THE INPUT:
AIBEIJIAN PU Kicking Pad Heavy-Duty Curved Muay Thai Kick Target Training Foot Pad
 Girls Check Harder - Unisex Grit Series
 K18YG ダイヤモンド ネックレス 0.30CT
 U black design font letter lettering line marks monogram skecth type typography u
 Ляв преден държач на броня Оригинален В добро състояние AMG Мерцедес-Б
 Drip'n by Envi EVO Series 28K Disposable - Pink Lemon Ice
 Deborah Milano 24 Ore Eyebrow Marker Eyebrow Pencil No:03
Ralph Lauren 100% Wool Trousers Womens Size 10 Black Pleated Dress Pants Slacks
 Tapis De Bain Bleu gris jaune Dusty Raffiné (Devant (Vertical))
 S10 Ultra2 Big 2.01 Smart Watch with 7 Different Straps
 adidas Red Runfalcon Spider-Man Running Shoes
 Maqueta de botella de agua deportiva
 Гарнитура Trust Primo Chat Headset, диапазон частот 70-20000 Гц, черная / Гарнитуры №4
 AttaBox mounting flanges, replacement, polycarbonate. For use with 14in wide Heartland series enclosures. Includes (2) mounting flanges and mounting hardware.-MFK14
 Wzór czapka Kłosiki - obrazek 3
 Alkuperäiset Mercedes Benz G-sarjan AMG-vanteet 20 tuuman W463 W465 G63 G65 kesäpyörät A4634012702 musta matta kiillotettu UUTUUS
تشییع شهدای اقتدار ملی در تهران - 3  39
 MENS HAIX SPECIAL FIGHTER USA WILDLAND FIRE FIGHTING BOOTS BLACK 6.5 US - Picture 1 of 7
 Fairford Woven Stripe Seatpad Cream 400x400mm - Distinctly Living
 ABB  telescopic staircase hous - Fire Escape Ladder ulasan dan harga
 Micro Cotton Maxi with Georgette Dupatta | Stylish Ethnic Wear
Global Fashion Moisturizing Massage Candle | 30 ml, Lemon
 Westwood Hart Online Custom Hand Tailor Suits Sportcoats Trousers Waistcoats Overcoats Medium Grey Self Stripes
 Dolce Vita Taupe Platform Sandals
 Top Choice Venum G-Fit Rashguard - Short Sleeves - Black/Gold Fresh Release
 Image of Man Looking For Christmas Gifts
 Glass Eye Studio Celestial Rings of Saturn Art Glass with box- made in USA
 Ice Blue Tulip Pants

YOUR OBJECTIVE: Reproduce the line containing "Image of Man Looking For Christmas Gifts" and every line after it. Stop at the last line of the records, and add nothing.

PROBLEM SOLUTION:
 Image of Man Looking For Christmas Gifts
 Glass Eye Studio Celestial Rings of Saturn Art Glass with box- made in USA
 Ice Blue Tulip Pants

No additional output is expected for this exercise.